It is important that your tests are clear specifications of what the code needs to do. But there is repeated code when we check if the message is what we expect.

Refactoring is not just for the production code.

from hello import hello


def assert_correct_message(got: str, want: str) -> None:
assert got == want, f"got {got!r} want {want!r}"



def test_hello_with_name() -> None:
got = hello("Chris")
want = "Hello, Chris"
assert_correct_message(got, want)



def test_hello_empty_string() -> None:
got = hello("")
want = "Hello, World"
assert_correct_message(got, want)

We've refactored our assertion into a helper function. This reduces duplication and improves the readability of our tests. The !r format specifier in f-strings shows the repr() of a value, which can make failure messages more useful.
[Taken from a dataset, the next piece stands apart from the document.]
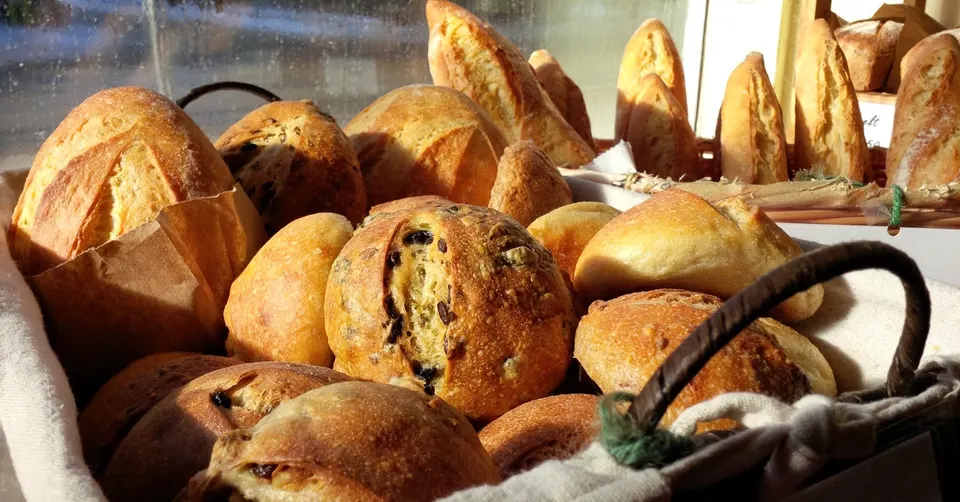 A close-up shot of a rustic basket filled with an assortment of freshly baked artisanal breads, including round loaves, baguettes, and seeded buns, bathed in warm sunlight.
Adding types to test helpers can also make intent clearer, especially as a test suite grows.

More requirements

We now need to support a second parameter, specifying the language of the greeting. If a language is passed in that we do not recognize, just default to English.

Write a test for a user passing in Spanish:

def test_hello_in_spanish() -> None:
got = hello("Elodie", "Spanish")
want = "Hola, Elodie"
assert_correct_message(got, want)

When you try to run the test, you should get:

TypeError: hello() takes 1 positional argument but 2 were given

Fix by adding another parameter to hello:

def hello(name: str, language: str = "") -> str:
if name == "":
name = "World"
return ENGLISH_HELLO_PREFIX + name

We've used a default parameter language="" so that existing calls to hello with just a name still work.

Now the test fails with:

AssertionError: assert 'Hello, Elodie' == 'Hola, Elodie'

Let's make it pass:

ENGLISH_HELLO_PREFIX = "Hello, "
SPANISH_HELLO_PREFIX = "Hola, "

SPANISH = "Spanish"


def hello(name: str, language: str = "") -> str:
if name == "":
name = "World"

if language == SPANISH:
return SPANISH_HELLO_PREFIX + name

return ENGLISH_HELLO_PREFIX + name

French

  • Write a test asserting that if you pass in "French" you get "Bonjour, "
  • See it fail, check the error message is easy to read
  • Do the smallest reasonable change in the code

You may have written something that looks roughly like this:

ENGLISH_HELLO_PREFIX = "Hello, "
SPANISH_HELLO_PREFIX = "Hola, "
FRENCH_HELLO_PREFIX = "Bonjour, "

SPANISH = "Spanish"
FRENCH = "French"


def hello(name: str, language: str = "") -> str:
if name == "":
name = "World"

if language == SPANISH:
return SPANISH_HELLO_PREFIX + name
if language == FRENCH:
return FRENCH_HELLO_PREFIX + name

return ENGLISH_HELLO_PREFIX + name

Using a dictionary for mapping

When you have lots of if statements checking a particular value, it's common to use a dictionary for mapping instead:

ENGLISH_HELLO_PREFIX = "Hello, "
SPANISH_HELLO_PREFIX = "Hola, "
FRENCH_HELLO_PREFIX = "Bonjour, "

SPANISH = "Spanish"
FRENCH = "French"

PREFIXES: dict[str, str] = {
SPANISH: SPANISH_HELLO_PREFIX,
FRENCH: FRENCH_HELLO_PREFIX,
}


def hello(name: str, language: str = "") -> str:
if name == "":
name = "World"

prefix = PREFIXES.get(language, ENGLISH_HELLO_PREFIX)
return prefix + name

The dict.get() method returns the value for a key if it exists, otherwise returns the default value (second argument).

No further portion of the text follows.